= Task description =
Every line in the data below from the one containing "355 Rivard Boulevard" down to the one containing "Продолжаются работы по", both included, must be retyped exactly; no other line is to appear.

= Available data =

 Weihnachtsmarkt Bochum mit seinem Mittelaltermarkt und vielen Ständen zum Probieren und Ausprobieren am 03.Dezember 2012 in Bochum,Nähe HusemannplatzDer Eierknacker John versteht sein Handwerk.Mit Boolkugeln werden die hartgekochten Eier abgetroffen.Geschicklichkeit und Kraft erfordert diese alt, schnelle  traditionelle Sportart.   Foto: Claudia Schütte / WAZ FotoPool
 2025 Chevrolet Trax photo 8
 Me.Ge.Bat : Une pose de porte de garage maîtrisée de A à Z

* * *

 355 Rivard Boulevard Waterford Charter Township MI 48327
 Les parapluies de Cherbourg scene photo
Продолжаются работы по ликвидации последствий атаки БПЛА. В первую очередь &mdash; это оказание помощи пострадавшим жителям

= Answer below =
 355 Rivard Boulevard Waterford Charter Township MI 48327
 Les parapluies de Cherbourg scene photo
Продолжаются работы по ликвидации последствий атаки БПЛА. В первую очередь &mdash; это оказание помощи пострадавшим жителям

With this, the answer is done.